Entrenamiento y Presencia Militar
El Pentágono informó que la Vigésimo Segunda Unidad Expedicionaria de Marines realizó las «operaciones de entrenamiento en Puerto Rico». El objetivo es reforzar las capacidades de respuesta rápida ante amenazas regionales.
Southcom indicó que estas fuerzas están desplegadas en el Caribe en apoyo a su misión, a las operaciones del Departamento de Guerra y a las prioridades del presidente de EE. UU. para «desarticular el tráfico ilícito de drogas y proteger la patria».

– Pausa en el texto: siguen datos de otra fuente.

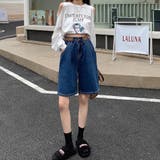 ハーフパンツ【韓国ファッション】 | Girly Doll | 詳細画像10 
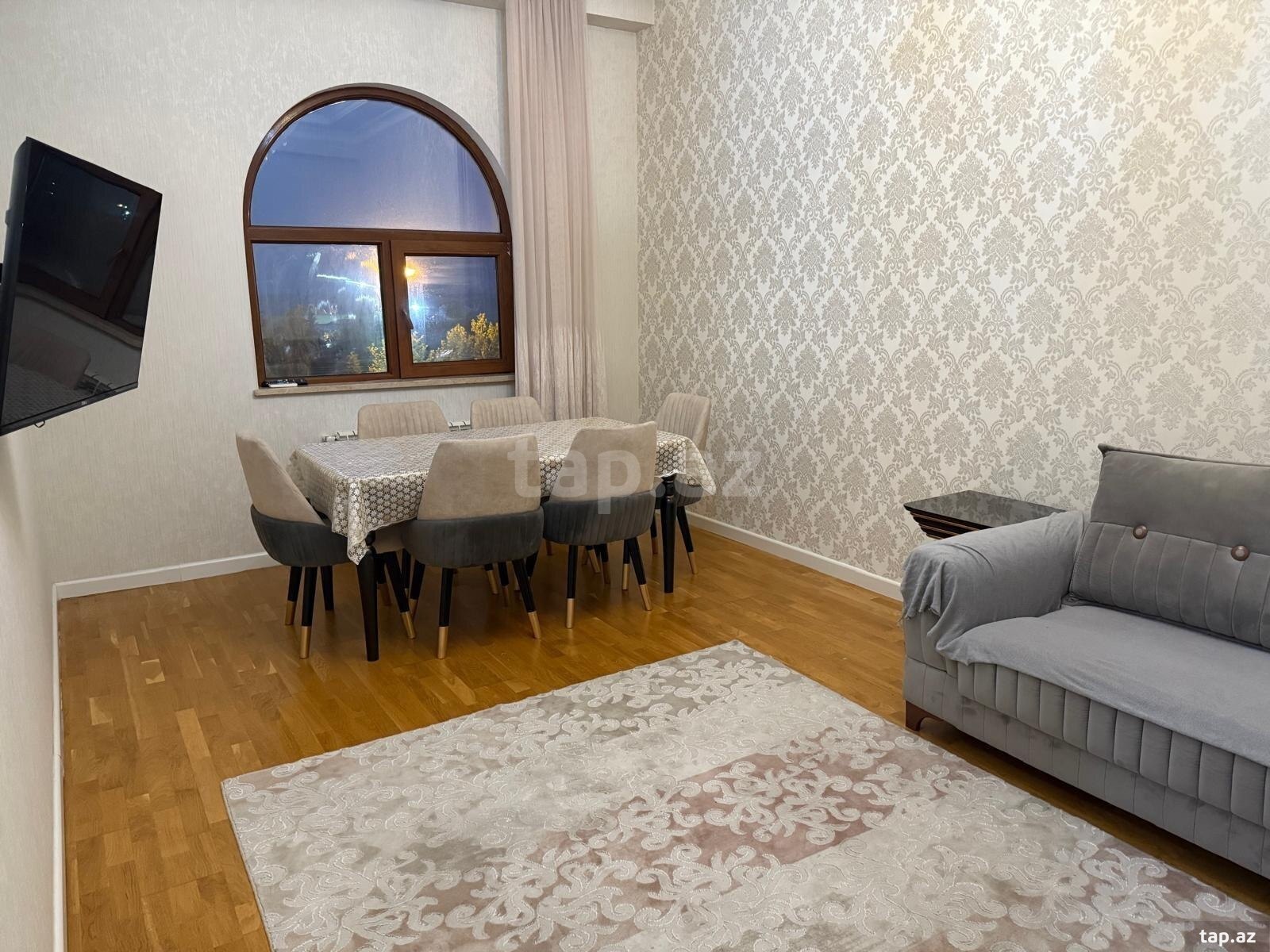 3 otaqlı mənzil kirayə verilir, Sumqayıt
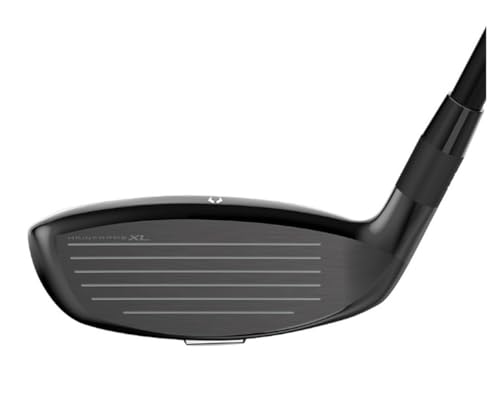 Cleveland Golf Herren Launcher Halo XL Hyb Golfschläger, Schwarz
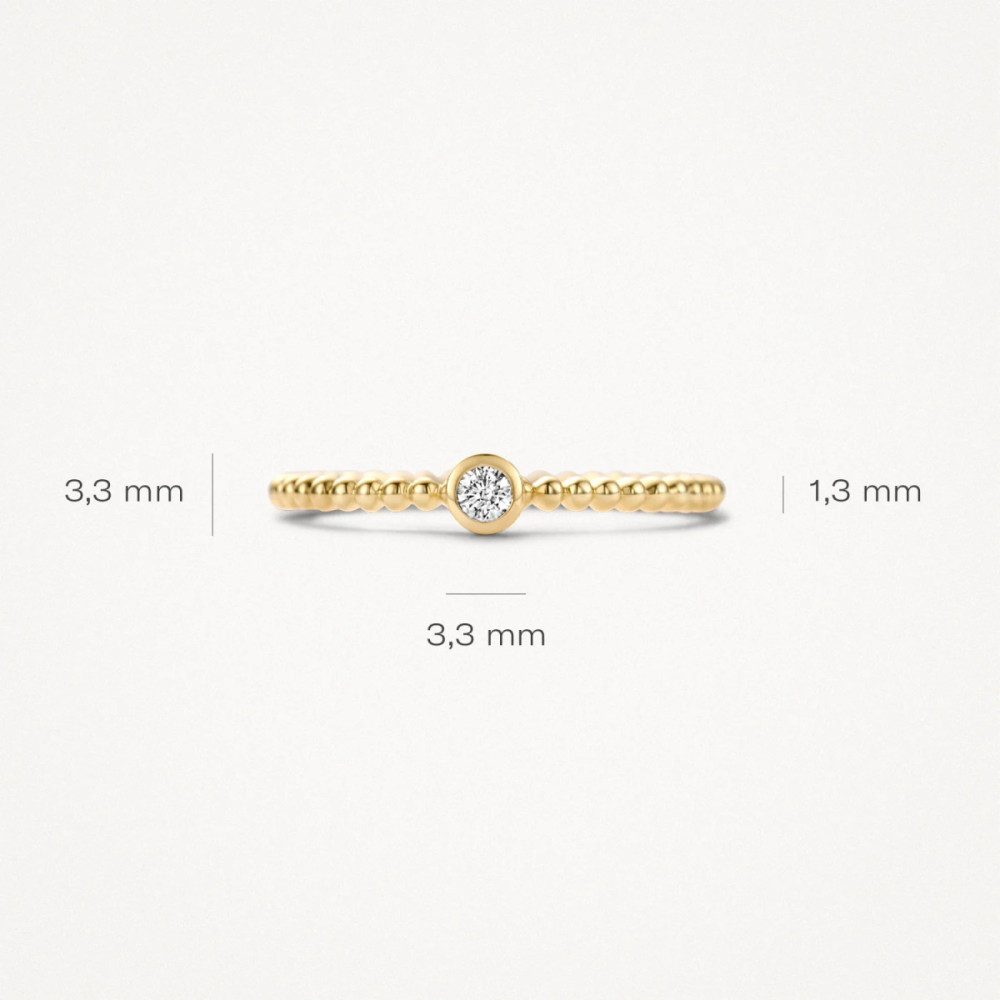 blush-1216yzi-bolletjes-ring-14-karaat-goud-zirkonia-briljant-1-3-mm-breedte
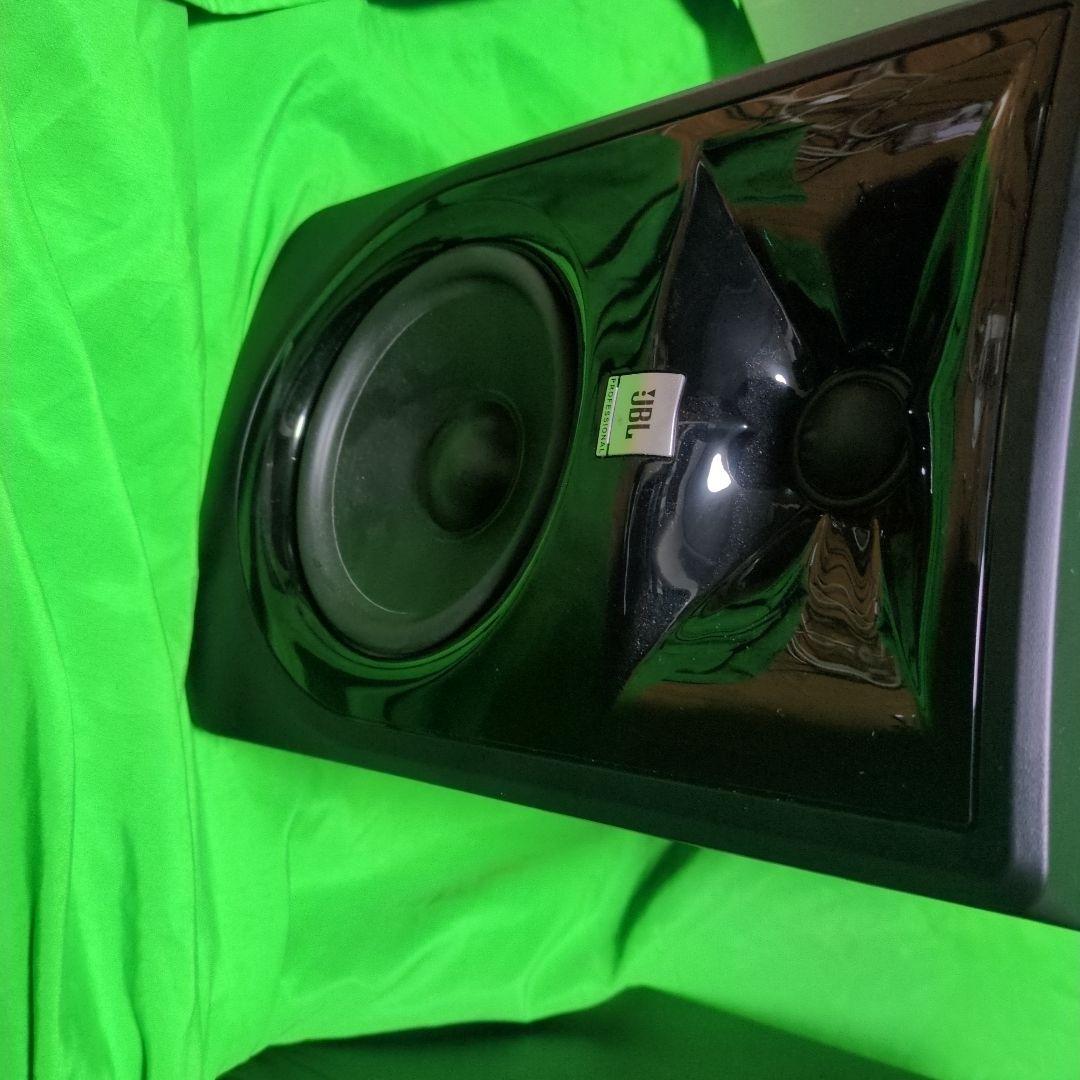 スピーカー・ウーファー jbl305p mk2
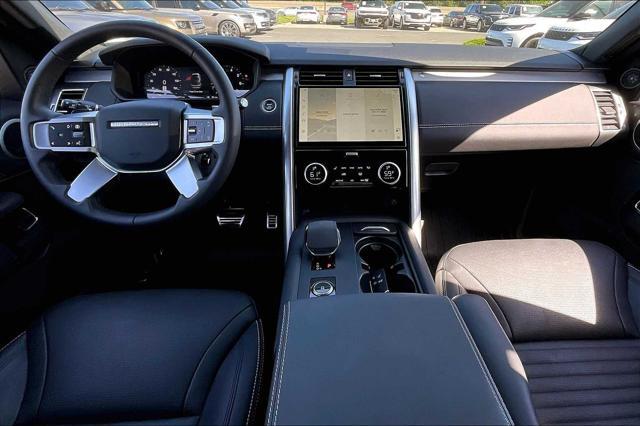used 2024 Land Rover Discovery car, priced at $57,299
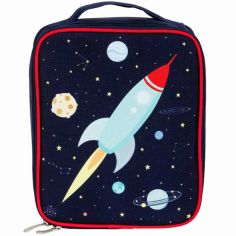 Sac Isotherme Repas Mr. Fox Trixie - Garde Manger Chaud/Froid, Imperméable, Poches Pratiques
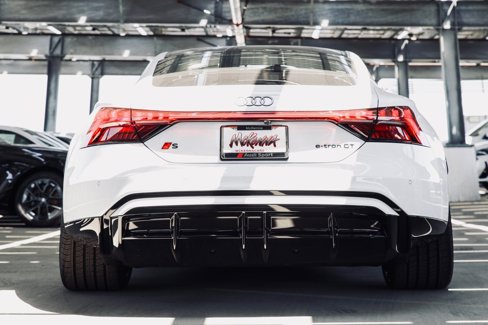 New 2025 Audi S e-tron GT Premium Plus image 5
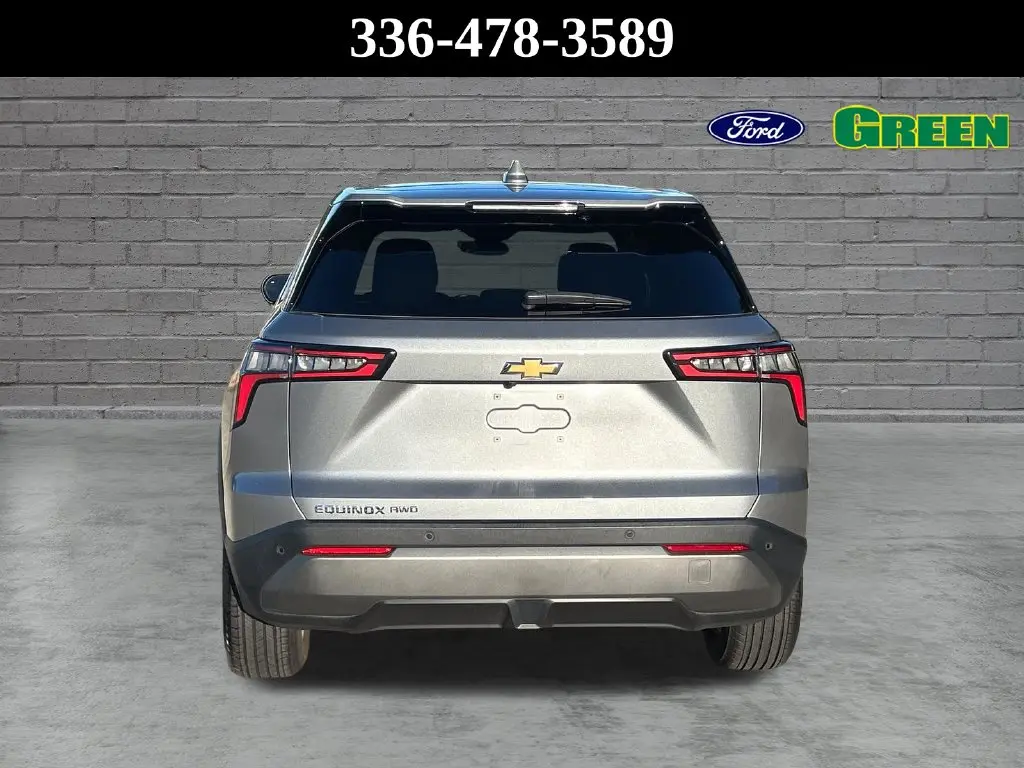 2026 Chevrolet Equinox - $29,840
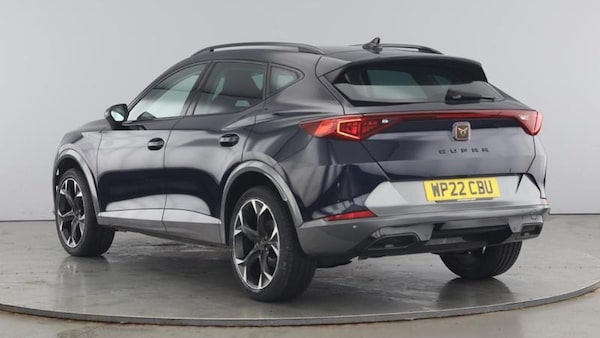 Used Cupra Formentor 2022 for sale - 75011626: Photo 3
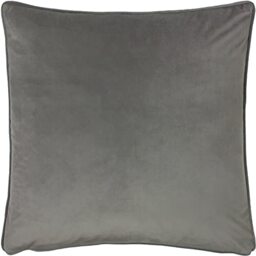 furn. Evans Lichfield Opulence Cushion Cover, Polyester, Steel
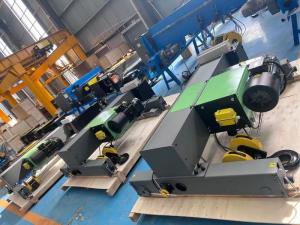 三合一起重運行電機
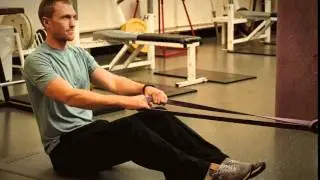 M&S: Get Active With Alex Gregory - Rowing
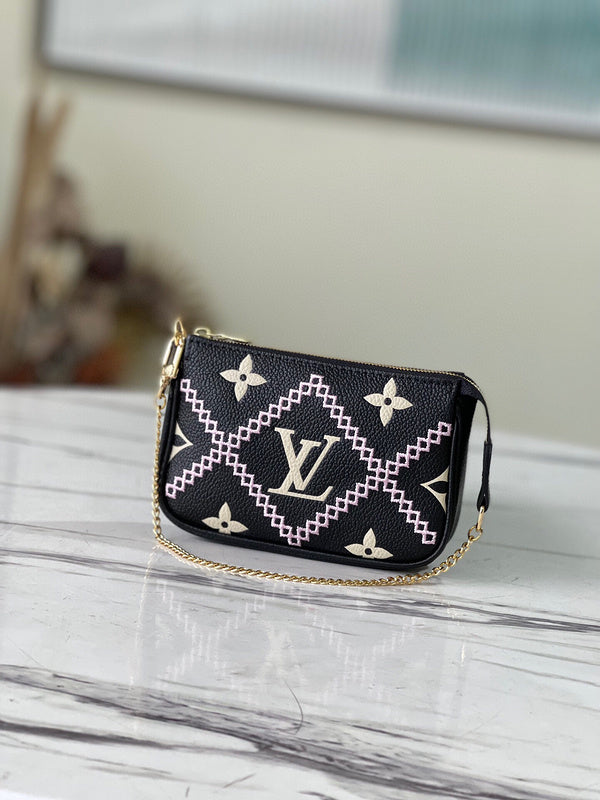 Fashion Lu-Vi bags - 5386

Las maniobras incluyeron un LCAC (aerodeslizador de transporte) realizando un desembarco anfibio, con apoyo de helicópteros UH-1Y y de ataque Apache.
Tensión con Venezuela
Estos ejercicios se suman a prácticas con fuego real y coinciden con reportes periodísticos (citados por The Wall Street Journal y el Miami Herald) que indicaban que Washington podría estar preparándose para atacar posiciones militares en Venezuela.
Altos funcionarios estadounidenses acusan al gobierno de Nicolás Maduro y a su cúpula militar de estar implicados en el narcotráfico, específicamente con el denominado Cártel de los Soles, y de utilizar infraestructuras militares (portuarias y aéreas) para logística ilícita.
El Pentágono ha fortalecido su presencia en la región desde el verano. Desplegó al portaaviones USS Gerald Ford, el más grande y moderno de su flota. Las fuerzas navales han interceptado y destruido más de una decena de embarcaciones sospechosas de narcotráfico, resultando en la muerte de la mayoría de los tripulantes.
A pesar de los desmentidos públicos del presidente Donald Trump y del secretario de Estado, Marco Rubio, analistas señalan que los movimientos del Comando Sur en el Caribe envían un claro mensaje de presión al gobierno venezolano.